The mode of operation of the arrangement illustrated in FIG. 3 is simpler than FIG. 1. In fact, the ribbon 125 moves at the same speed as the paper, in each line spacing, and thus automatically moves a fresh region of ink into alignment with the lines of print. The motor 140 is energised to follow the line spacing both of the ribbon 125 and of the paper 120 insofar as, as already stated, the paper feed rollers 123 are connected to the motor 140.

Claims

1. A non-impact dot-matrix printer for printing alpha-numeric characters on a printing medium, comprising an electrode wheel having a row of electrodes spaced axially along the periphery of the wheel, means for supporting the printing medium between the wheel and an ink carrier, means for selectively energising the electrodes relative to the ink carrier with electrical pulses which cause dots of ink to transfer from the ink carrier to the printing medium, and means arranged to move the electrode wheel transversely with a rolling, non-sliding movement relative to the recording medium, along a print line.

2. A printer according to claim 1, wherein the wheel carries a plurality of rows of the electrodes.
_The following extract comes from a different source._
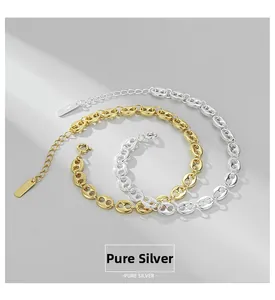Detail of silver and gold pig nose chain bracelets with S925 hallmark and clasp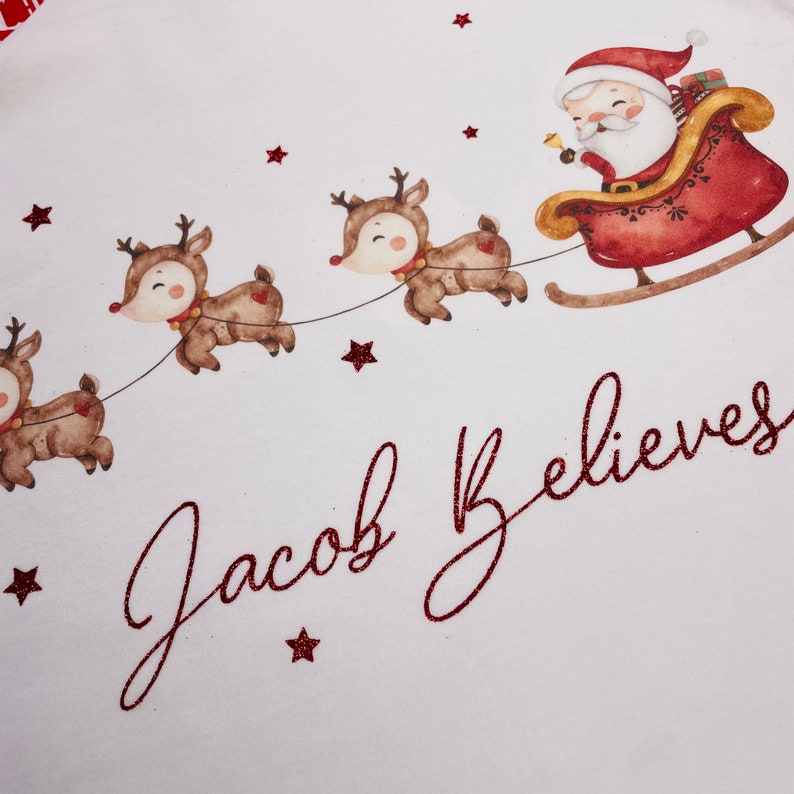 May include: A festive illustration featuring Santa Claus in a red sleigh pulled by reindeer. The image includes the text "Jacob Believes" in a glittery red script, along with red star accents, all set against a white background. A charming Christmas design.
3. A printer according to claim 2, wherein the electrodes also lie in circumferential rings, the electrodes of each ring being electrically interconnected.

4. A printer according to claim 3, wherein the ink carrier is a ribbon.

5. A printer means according to claim 4, wherein the ink carrier is moved in such a way as to eliminate sliding movement between the ink carrier and the printing medium.

6. A printer according to claim 4, comprising a flat backing element which is disposed on the opposite side of the ink ribbon with respect to said electrodes, and wherein the ink ribbon moves in a transverse direction with respect to the print line to bring into alignment with the print line a fresh portion of the ink ribbon for each travel movement of the electrode wheel.

7. A printer according to claim 6, wherein the ribbon has a width equal to a predetermined integral multiple of the height of the dot matrix, and passes around a pair of rollers.

8. A printer according to claim 7, wherein ribbon is circulated around the rollers after it has moved with a translatory motion a number of times equal to the integral multiple, for renewing the inking material.

9. A printer according to claim 4, wherein the width of the ribbon is at least equal to the maximum length of a line printed on the printing medium.

10. A printer according to claim 9, wherein the ribbon is fed by rollers in the direction transverse to the print line.

11. A printer according to claim 10, wherein the backing element has a curved end portion in contact with the ribbon for moving the ribbon away from the printing medium, thereby permitting the last line of characters printed to be immediately visible.

12. A printer according to claim 11, wherein the electrode wheel is displaced by a mechanism for alternately displacing the wheel in opposite directions along the print line, associated with a device for rotating the wheel in a predetermined direction asociated with the direction of displacement.

13. A printer according to claim 12, wherein the said mechanism comprises a movable carriage carrying the wheel, a belt stretched between and rotatable about a pair of pulleys, a pin fixed to the belt and co-operating with the carriage for moving the carriage alternately in opposite directions parallel to the print line.

14. A printer according to claim 13, wherein the device for rotating the wheel comprises a pulley connected to the wheel, and a cord which is wrapped around the pulley and which has its ends connected to two fixed points of the printer.

15. A printer according to claim 14, wherein the pulley has a diameter which is equal to the diameter of the electrode wheel.